PhotobucketSnoek is a fish that is indigenous to South African waters and is available during the winter months when you can see fisherman trying to sell their “Day’s Catch” on the side of the roads. It is a very popular fish and here are some of my fellow South African foodies who have made classic recipes such as smoorsnoek, snoekbraai and snoek pates.
At the moment it is not in season, but a fish that is available at the moment is Angelfish. It sold for R23.99 per kilo yesterday and it was a good buy for filleted, boneless fish. Angelfish has a texture very similar to snoek – the flesh is dry and firm, not at all like hake or kingklip.

Angelfish is ideal for smoking and that gave me the idea to add the smoky taste without having to take out the smoker. I had to think of something to keep the fish moist and came up with this idea – stuff the fish with feta, sun-dried tomatoes and pesto and wrap it in bacon before you bake it.

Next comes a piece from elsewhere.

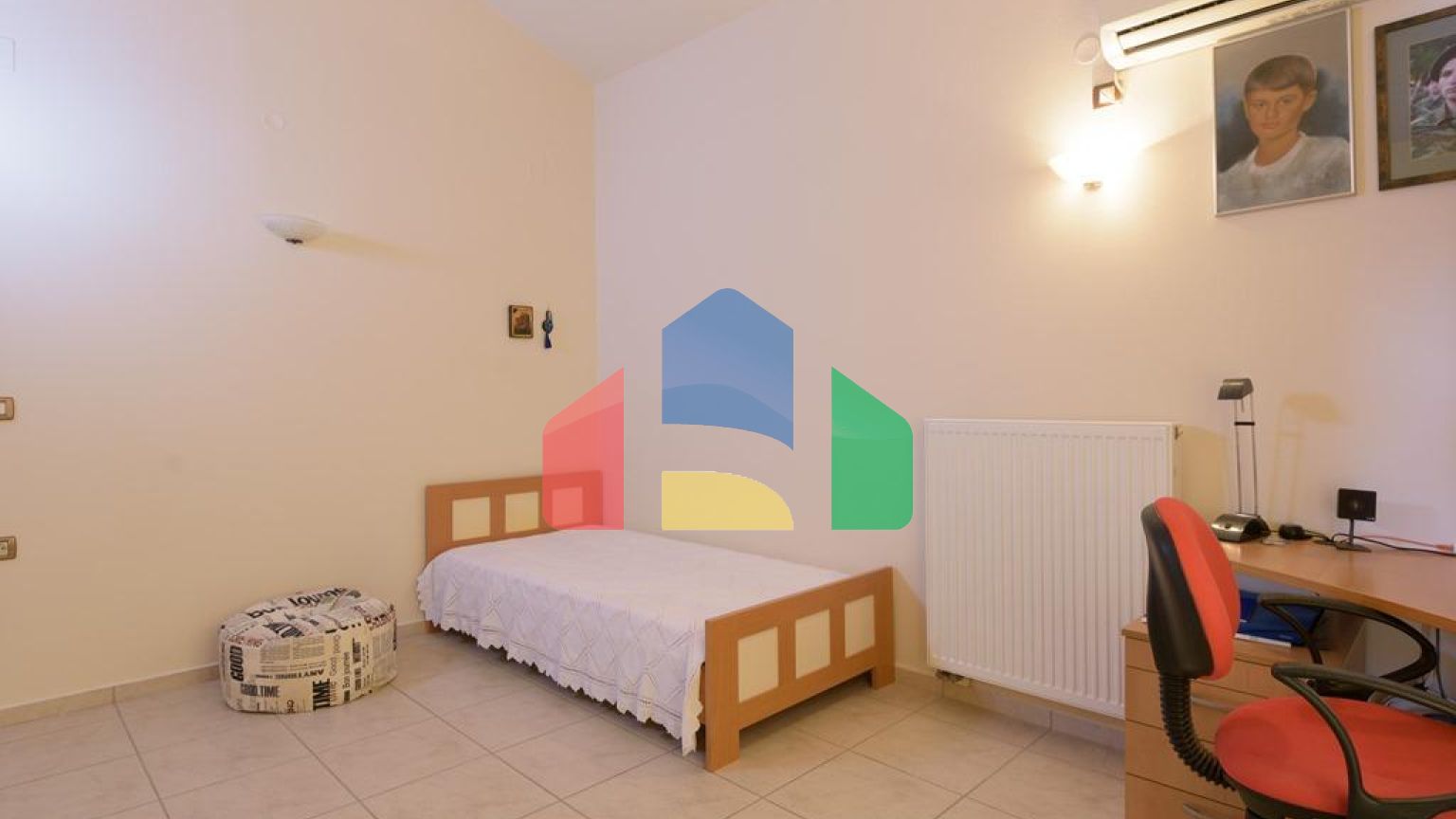 Продаж - Котедж 380 m² на Криті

 Angelfish with Millet risotto

about 1kg angelfish – filleted and skin removed.
1 rings feta cheese
sun-dried tomato pesto
basil pesto
salt and pepper
250gr bacon rashers

Pre-heat oven to 180CCut the fish in even-sized blocks – about 6x6cm( I got 2 bocks out of one fillet). Cut the feta cheese in “sticks”(about the size of a potato chip). Lay a piece of cheese on one block of fish, top with the 2 pestos and then another piece of fish. Wrap in bacon – I used 3 rashers per “parcel”. Secure with kebab sticks and bake in the oven for about 10-15 minutes. I overcooked my fish slightly, so consider yourself warned.

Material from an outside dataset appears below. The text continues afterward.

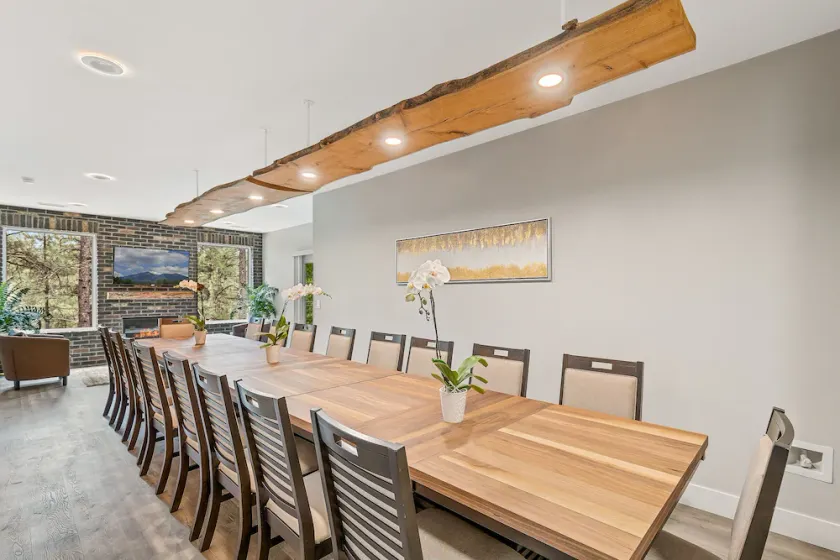 \"The Ponderosa\"-Gathering Tree's Deluxe Group Stay with private KING suites - Image 1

Another interesting facet to this meal was the Millet risotto. Karen Railey who is the author of the popular book, How to Improve Fading Memory and Thinking Skills with Nutrition, says that Millet is highly nutritious, non-glutinous and like buckwheat and quinoa, is not an acid forming food so is soothing and easy to digest. In fact, it is considered to be one of the least allergenic and most digestible grains available and it is a warming grain so will help to heat the body in cold or rainy seasons and climates. We are having a very cold week here in the middle of summer and my whole family has got the sniffles. I thought this was a great accompaniment with the fish and indeed a heart and body-warming meal.

1 onion – finely chopped

1 cup dry millet
3 cups vegetable stock
125ml white wine
1 Tbsp olive oil
100ml grated parmesan cheese

Saute onion in olive oil. Add millet and stir until all grains are covered with oil. Add wine and cook until the wine is absorbed. Add all the stock and cook until thick and creamy. Stir in the cheese and serve piping hot.

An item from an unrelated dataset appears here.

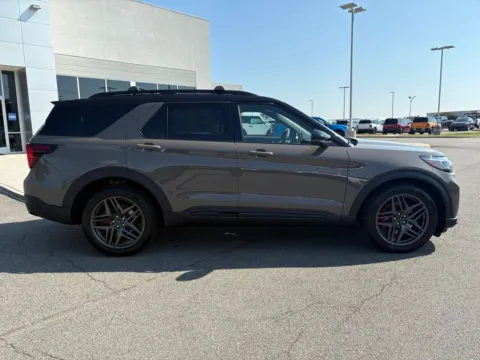 Photos of 2026 Ford Explorer ST for sale in South Boston, VA at Smart Ford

Last but not least, I received another award, this time from the blogger who is living my dream(in France.) Her name is Hopie and her site is called Hopie’s Kitchen.
I received this Yum-Yum blog award from her and it is so special to me, because that is exactly what I am after when preparing a meal – the Yum factor! I pass this award on to every blogger that I visit on a daily basis – I am gob-smacked at some of your creations. Thanks Hopie!